Quebec-focused Monarch Gold (TSX: MQR) is taking a 14.2% stake in Unigold (TSXV: UGD), whose Nieta project in the Dominican Republic has an open-pit inferred resource of 39.49 million tonnes grading 1.59 grams gold per tonne for 2.01 million ounces of gold. Unigold’s stock soared over 45% on the news.
Monarch has acquired from an investor a block of 6.5 million Unigold shares at a price of $0.115 per share for a total of $747,500, payable by the issuance of 3.25 million common shares of Monarch at a price of $0.23 per share. Monarch’s shares will be held in escrow for a 24-month period.
The Nieta project, situated on a 22,616 hectare concession, is 200 linear km northwest of the capital city of Santo Domingo, and the Dominican Republic’s second-largest city, Santiago de los Caballeros, is 100 km northeast of the project. The project is situated on a 22,616 hectare concession.
Over the last five years, Unigold has spent more than $20 million on exploration at Nieta, including more than 50,000 metres of drilling.

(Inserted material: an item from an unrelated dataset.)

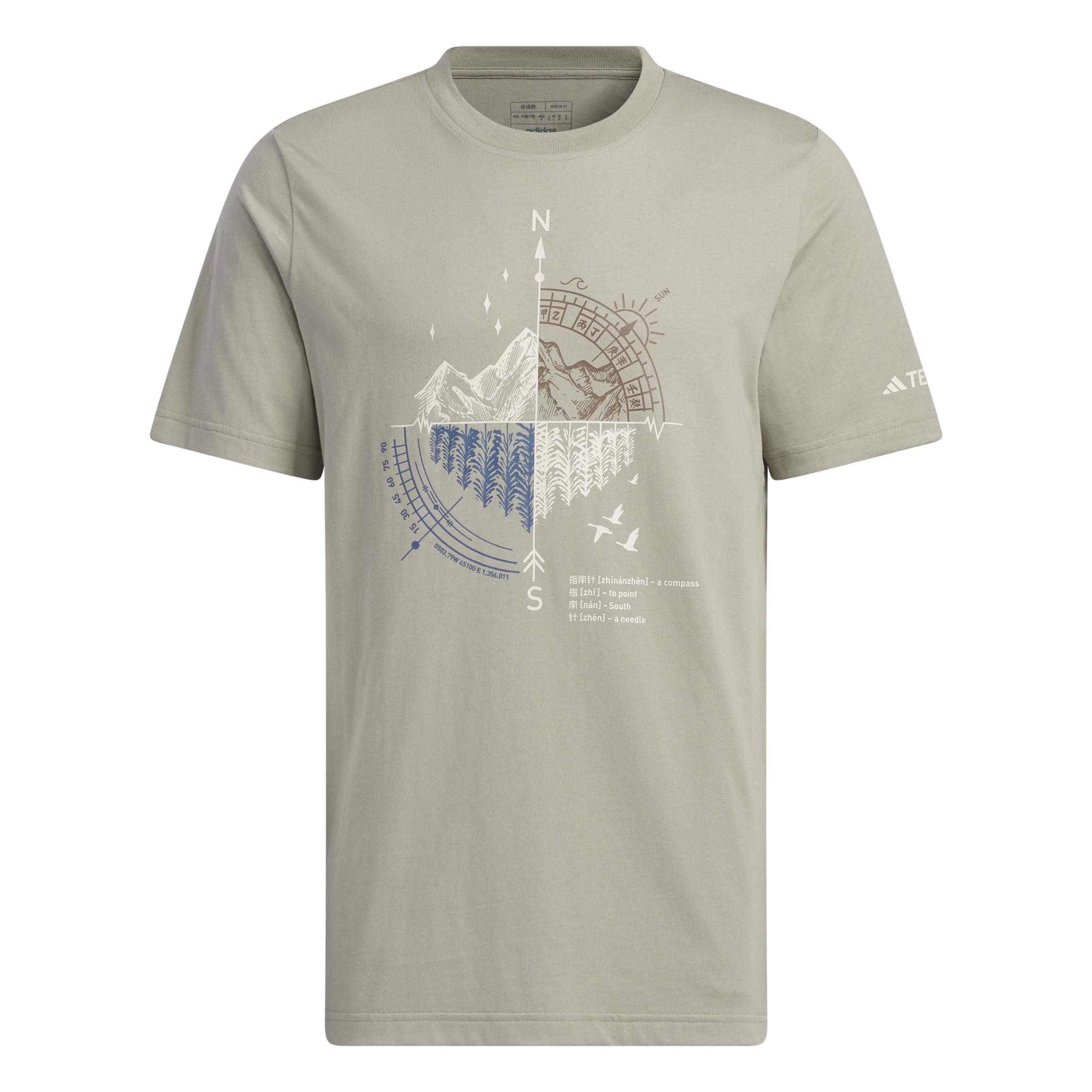 Short Sleeve Mountain Graphic T-Shirt, Green, A901_ONE, medium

Monarch’s president and CEO, Jean-Marc Lacoste, described the investment as “an incredible opportunity” that management “could not pass up.”
“Monarch has always been interested in acquiring undervalued assets with a view to developing their full value,” Lacoste said in a statement. “With Unigold, we are acquiring a block of shares of a company with a resource of more than 2 million ounces of gold, at a fraction of the market price for such an asset, and with a strong shareholder base.”
Monarch has a portfolio of assets in Quebec’s Abitibi mining camp. Its flagship Wasamac deposit, 15 km west of Rouyn-Noranda, has a measured and indicated resource of 2.6 million ounces of gold contained within 29.86 million tonnes grading 2.70 grams gold and inferred resources of 293,900 ounces of gold contained within 4.16 million tonnes of 2.20 grams gold.